Options Reconfigured:
storage.owner-gid: 36
storage.owner-uid: 36
performance.client-io-threads: on
server.event-threads: 4
client.event-threads: 4
cluster.choose-local: off
user.cifs: off
features.shard: on
cluster.shd-wait-qlength: 10000
cluster.locking-scheme: granular
cluster.data-self-heal-algorithm: full
cluster.server-quorum-type: server
cluster.quorum-type: auto
cluster.eager-lock: enable
network.remote-dio: enable
performance.low-prio-threads: 32
performance.io-cache: off
performance.read-ahead: off
performance.quick-read: off
storage.fips-mode-rchecksum: on
nfs.disable: on

Unfortunately we have the issue with all VMs -- doesn't seem to depend on
the allocation of storage either (thin provisioned or pre allocated).

Thanks!
Marco


On Tue, 30 Jun 2020 at 05:12, Strahil Nikolov <hunter86_bg at yahoo.com> wrote:

> Hey Marco,
>
> have you wondered why non-replifa volumes are not supported for oVirt  (or
> the paid downstreams)? Also disperse volume will not be optimal for your
> needs.
>
> Have you thought about replica 3 with an arbiter ?
>
> Now on the topic.
> I don't see the optimize for virt option which you also need to apply
> (which involves sharding too).  You can find them in the gluster's group
> dir (it was someething like  /var/lib/glusterd/groups/virt).
>
> With unsupported volume type and without any option the oVirt community
> recommend, you can and most probably feel bad situations.
>
> Please, set the virt group options and try again.
>
> Does the issue occur on another VM ?
>
>
> Best Regards,
> Strahil Nikolov
>
>
> На 30 юни 2020 г. 1:59:36 GMT+03:00, Marco Fais <evilmf at gmail.com> написа:
> >Hi,
> >
> >I am having a problem recently with Gluster disperse volumes and live
> >merge
> >on qemu-kvm.
> >
> >I am using Gluster as a storage backend of an oVirt cluster; we are
> >planning to use VM snapshots in the process of taking daily backups on
> >the
> >VMs and we are encountering issues when the VMs are stored in a
> >distributed-disperse volume.
> >
> >First of all, I am using gluster 7.5, libvirt 6.0, qemu 4.2 and oVirt
> >4.4.0
> >on CentOS 8.1
> >
> >The sequence of events is the following:
> >
> >1) On a running VM, create a new snapshot
> >
> >The operation completes successfully, however I can observe the
> >following
> >errors on the gluster logs:
> >
> >[2020-06-29 21:54:18.942422] I [MSGID: 109066]

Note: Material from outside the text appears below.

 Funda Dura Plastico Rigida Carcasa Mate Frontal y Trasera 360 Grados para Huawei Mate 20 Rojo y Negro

> >[dht-rename.c:1951:dht_rename] 0-SSD_Storage-dht: renaming
>
> >/58e8dff0-3dfd-4554-9999-b8eb7744ce1b/images/998f0b18-1904-47f3-8cfb-a73ad063ab83/64c038a4-5fe4-4f57-8b1c-bab38ae5c5bb.meta.new
> >(a89f2ccb-be41-4ff7-bbaf-abb786e76bc7)
> >(hash=SSD_Storage-disperse-1/cache=SSD_Storage-disperse-1) =>
>
> >/58e8dff0-3dfd-4554-9999-b8eb7744ce1b/images/998f0b18-1904-47f3-8cfb-a73ad063ab83/64c038a4-5fe4-4f57-8b1c-bab38ae5c5bb.meta
> >(f55c1f35-63fa-4d27-9aa9-09b60163e565)

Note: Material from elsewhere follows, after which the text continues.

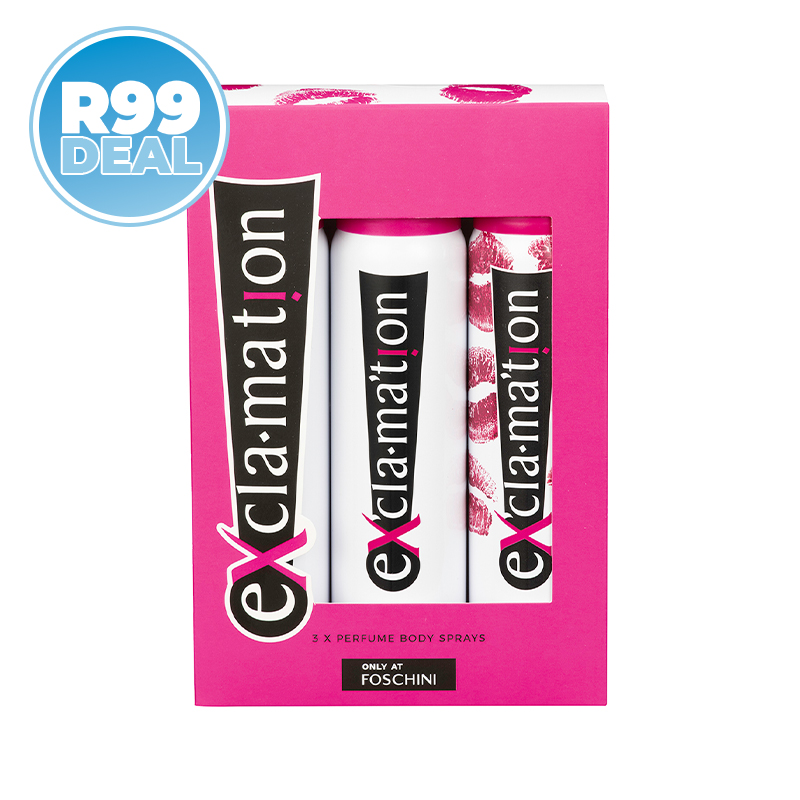 Exclamation Trio Body Sprays — R99 on OneDayOnly (was R130)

> >(hash=SSD_Storage-disperse-2/cache=SSD_Storage-disperse-1)
> >[2020-06-29 21:54:18.947273] W [MSGID: 122019]
> >[ec-helpers.c:401:ec_loc_gfid_check] 0-SSD_Storage-disperse-2:
> >Mismatching
> >GFID's in loc
> >[2020-06-29 21:54:18.947290] W [MSGID: 109002]

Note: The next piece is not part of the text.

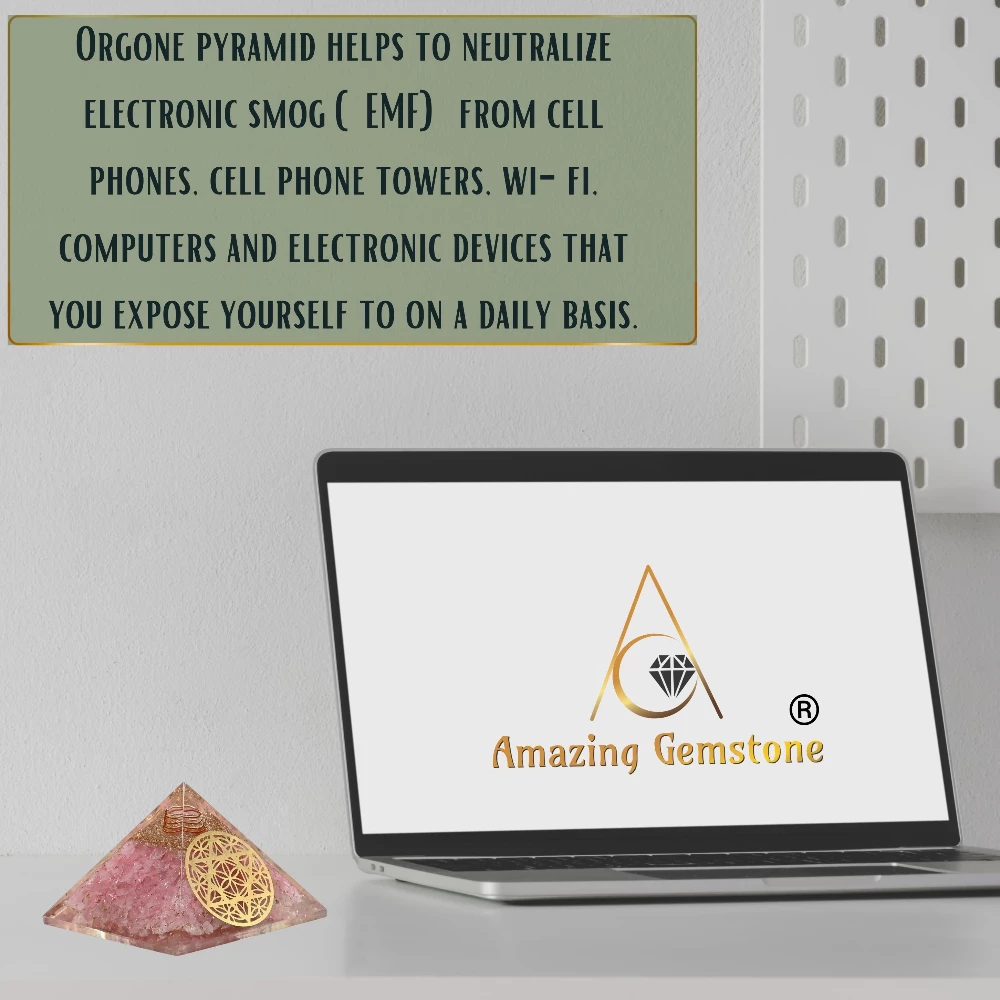 Rose Quartz Orgone Pyramid - Star of David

> >[dht-rename.c:1019:dht_rename_links_create_cbk] 0-SSD_Storage-dht:
> >link/file
>
> >/58e8dff0-3dfd-4554-9999-b8eb7744ce1b/images/998f0b18-1904-47f3-8cfb-a73ad063ab83/64c038a4-5fe4-4f57-8b1c-bab38ae5c5bb.meta
> >on SSD_Storage-disperse-2 failed [Input/output error]
> >[2020-06-29 21:54:19.197482] I [MSGID: 109066]
> >[dht-rename.c:1951:dht_rename] 0-SSD_Storage-dht: renaming
>
> >/58e8dff0-3dfd-4554-9999-b8eb7744ce1b/images/998f0b18-1904-47f3-8cfb-a73ad063ab83/a54793c1-c804-425d-894e-2dfe7a63af4b.meta.new
> >(b4888032-3758-4f62-a4ae-fb48902f83d2)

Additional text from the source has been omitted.